But desktop computers have become powerful enough to perform many computer
vision tasks at reasonable speed.
The kit provides many of the fundamental image processing
functions commonly used in vision systems.
It is intended for programmers and others who program computers:
students, scientists, engineers and hobbyists.
The emphasis is on utility for vision applications. The functions provided are fully described
in the literature of the field. The kit
was designed to allow the developer to focus on higher level design issues, not
on tedious coding of standard algorithms.
The good news is that most of the standard algorithms, and even some
exotic ones are in the kit, and all for low price.
Convolution: the user can specify masks of up to 127 by 127 for both
integer and floating point convolutions.
There is a very fast 3 by 3 integer convolution, median filtering and a
fast mean filter.
Point
Operations: the usual point (brightness) operations, such as
thresholding, contrast, negatives, clipping, logarithms, bitwise and generic.
Cutting and
Pasting: rectangular chunks can be lifted from images and pasted to
other images at any point. Images can
also be cut and pasted to/from the Windows Clipboard.

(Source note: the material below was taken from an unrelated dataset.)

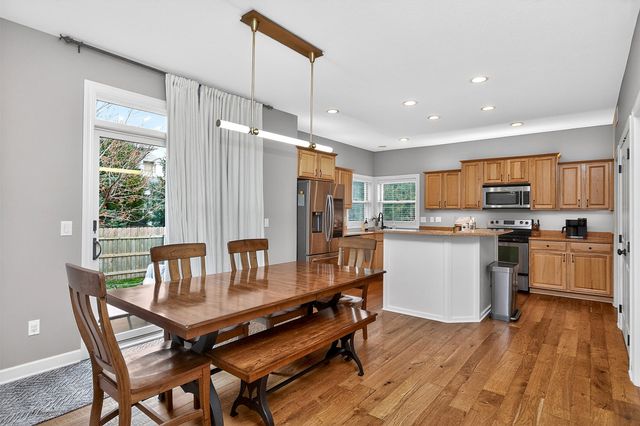 1000 SE Bluegrass Circle, Waukee, IA 50263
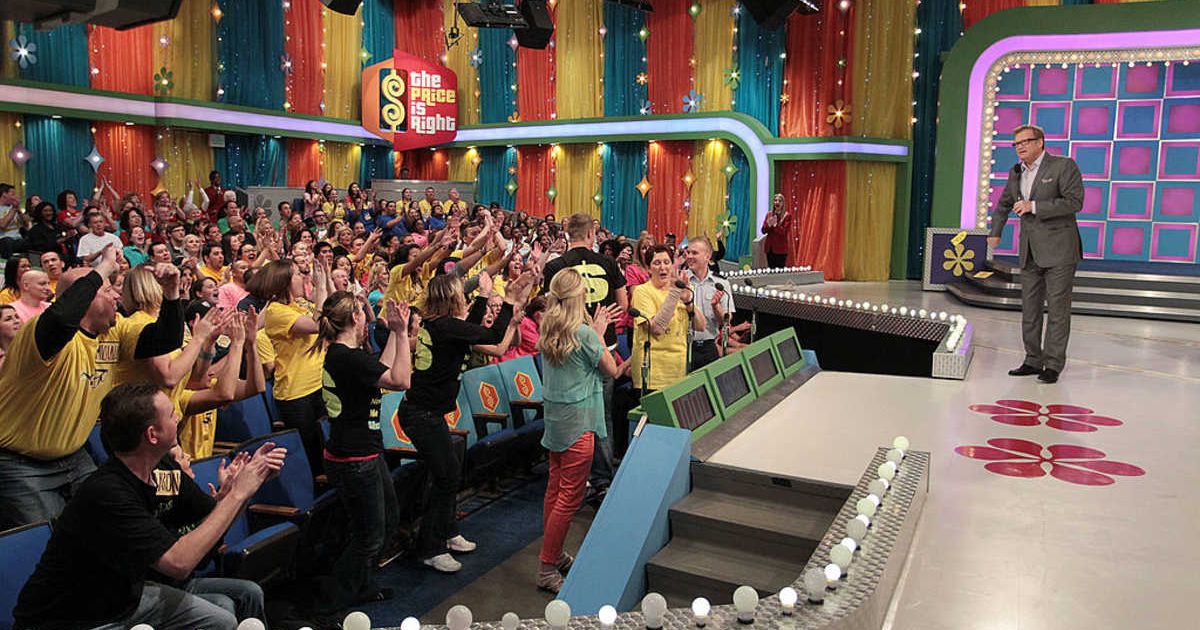 Drew Carey addresses the 'Price is Right' studio audience (Cover Image Source: Getty Images | Photo by Frederick M. Brown)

Geometrical: translation with bilinear interpolation, rotation by any
floating point value, or by 90 degrees, fast zoom, flipping and polynomial
warping.
Morphological: erode, dilate, open, close and Laplacian of Gaussian edge
detection operator.
Profiles and
Histograms: line profiles of any length and direction; row, column and
overall image histograms; horizontal, and vertical projections.
Prepackaged
Shapes: generate images as ramps, mound, gaussian, cone, pyramid,
rectangle, circle, etc.
Image Pairwise
Combinations: linear, multiply pixels, divide, add, difference, use
max/min, and, or, etc.
Transforms: Fourier (FFT and IFFT) and Hough.
Template
Matching.
Blob Detection: Typically used with Template Matching, bright blobs are
detected, and their coordinates returned.
Hue Changing.
There are also floating point and
integer-based images with limited operations.
The integer size allows for averaging images together (for noise
removal), and the floating point allows for adding, multiplying images and
accurate FFT work.
There are some useful matrix
operations, such as multiplication, finding the inverse, finding the
pseudo-inverse and solving matrix equations.
Finally there is a vector form of the FFT (for one dimensional arrays, such as sound
clips).
Purchase of the Vision Starter Kit
entitles the purchaser to create and distribute applications which use the
DLL. The DLL itself can be distributed
with the application as long as its name is not changed (VISIONSK.DLL). However, information about the interface and
source code included in the Vision Starter Kit must not be distributed.
Programs using .NET will also need the VisionStarterKit.dll
along with VISIONSK.DLL. The VisionStarterKit.dll file is a C# “wrapper dll”
which converts the functionality of the original dll into a suite of .NET
classes, and is meant to work with VB.NET and C# applications. Other .NET
languages should also be able to use the DLL. As long as both dlls, along with
your application file (an exe) all occupy the same directory, the appication
should be able to load and call the dlls.
Currently the supported file format
is the Windows BMP format. This is a
standard image file format, but the developer may need to purchase a separate
file conversion program from another vendor to convert images if they are not
in a BMP format (also known as DIB format,
for Device Independent Bitmap, typically in a file with a .BMP extension).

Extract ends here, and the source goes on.